Although Rice’s focus on domestic policy may seem foreign, he said issues close to home have been an integral part of his life since he grew up in Washington, DC.

He spent his career in public service focused on foreign policy – first as Secretary of State for Africa Affairs during the Clinton administration, then as Obama’s ambassador to the United Nations and, in his second term, as National Security Advisor.

But as a child, she was a student of domestic policy. His father was the Governor of the Federal Reserve, and his mother helped prepare the Pell Grant program to help students pay for college. Economic mobility and racial justice, she said, “are issues on which I was raised.”

When he was offered two different positions in the Clinton administration in 1993 – one focused on the economy and the other on national security – Rice opted for foreign policy, thinking it would be easier to reverse than domestic issues.

Barnes said, “She has worked on issues of education, poverty, an epidemic, economic security.” All of that is transferable to the work she is doing.

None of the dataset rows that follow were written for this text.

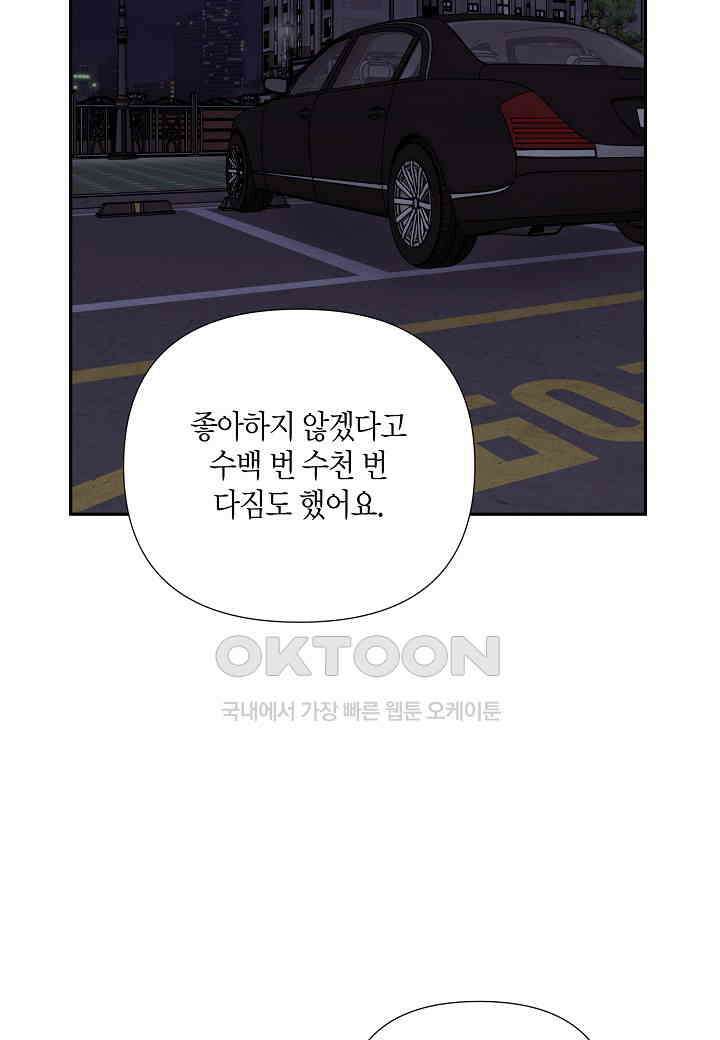 결혼 대행 53화 80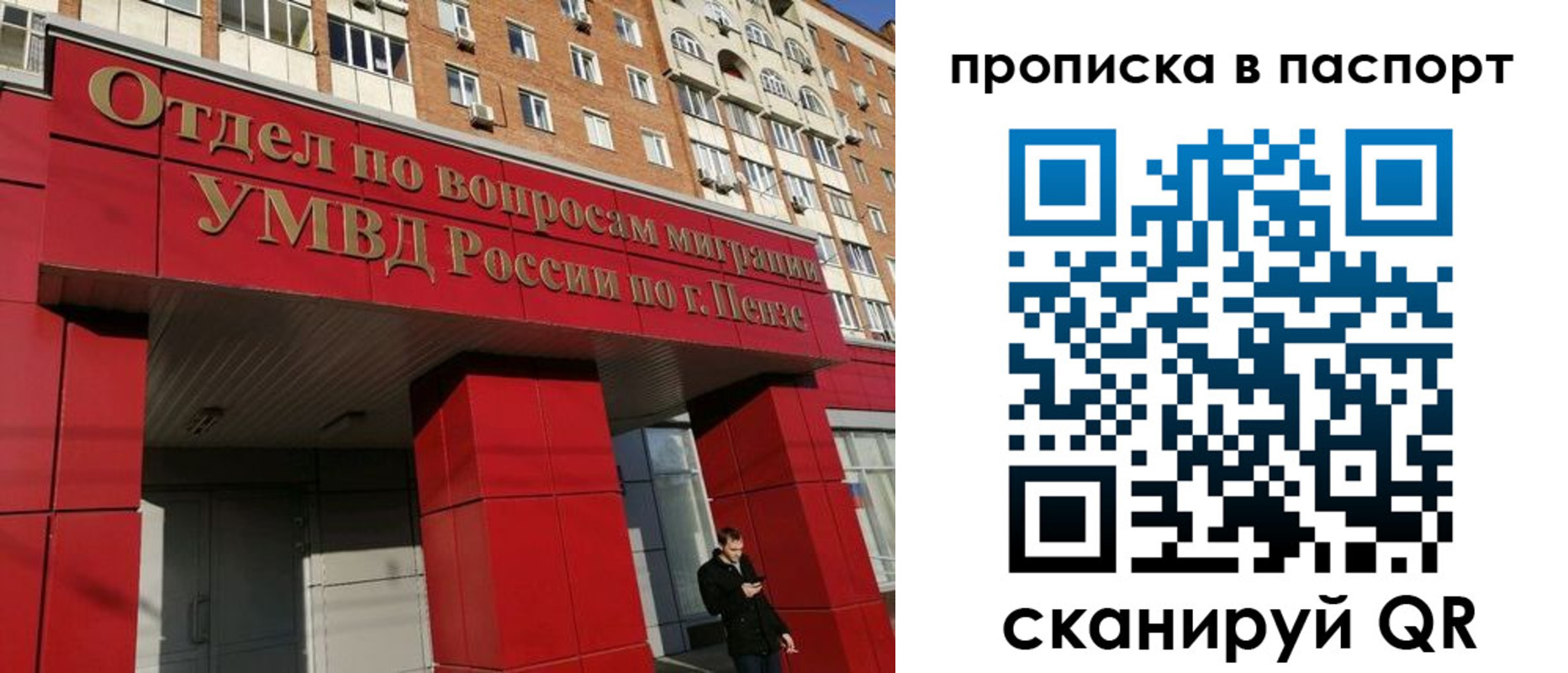 временная регистрация гарантия в Нижнем Ломове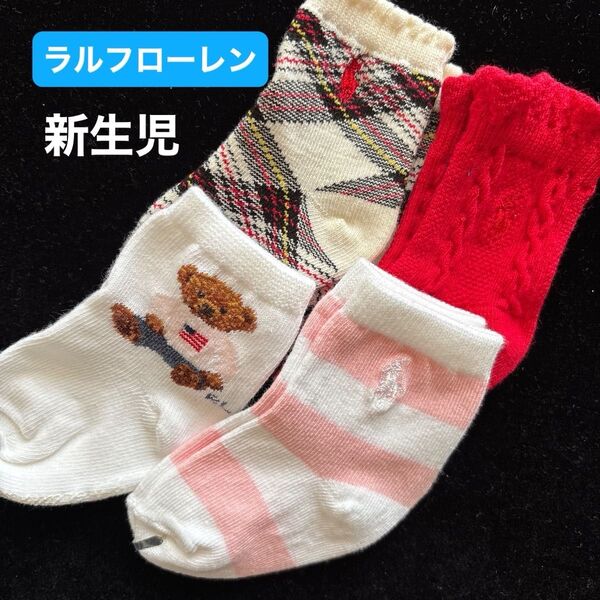 新品ラルフローレン ベビーソックス0〜3ヶ月赤ちゃん靴下 新生児ソックス4足7〜9cm ベビーベアー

It may not repeat, but it rhyme. So there is a connection there. “

Rice kept a low profile as a National Security Advisor, a job he stepped into in 2013 as he disbanded the Obama administration’s handling of Obama’s 2012 attack, because he disbanded himself as Secretary of State due to a contentious dispute Had given. At an American diplomatic facility in Benghazi, Libya.

And ever since she left the White House in January 2017, she has continued to grow about issues close to home. He published a deeply personal book, “Tough Love.” She has been vocal about domestic policy issues, including writing about Congress’s failure to pass police reforms and calling for a revival of economic and education systems.

“She took her voice out of the White House,” said the senior transition officer, where “she was more behind the scenes than I think she would be inclined to do,”.

Rice has also been a staunch critic of President Donald Trump. Last year, she also phoned Sen. Lindsay Graham of South Carolina – one of the Republicans who constantly criticized her over the Benghazi investigation and then her responsibility to hand over national security matters during the transition to the upcoming Trump administration – “a Piece s — “during a podcast. “I said, damn it, after all,” Rice said.

Rice said that as head of the Domestic Policy Council, which was founded by President Ronald Reagan in the 1980s, he would be able to work closely with former allies Desse and Sullivan.

“This is not a team of people playing regional war with each other,” Rice said. “We’re going to be firing on all cylinders.”

She will also be part of the coronovirus task force. And she plans to hold a meeting of the head committee about domestic policy, as does the National Security Council for Foreign Policy, which consists of cabinet secretaries and other officials of the government. His effort will focus on helping Biden deliver a legislative agenda and craft executive orders. Many executive orders will initially focus on undo policies adopted by Trump.

“You’ve seen in the last four years how influential domestic policy advisors can be,” Jarrett said.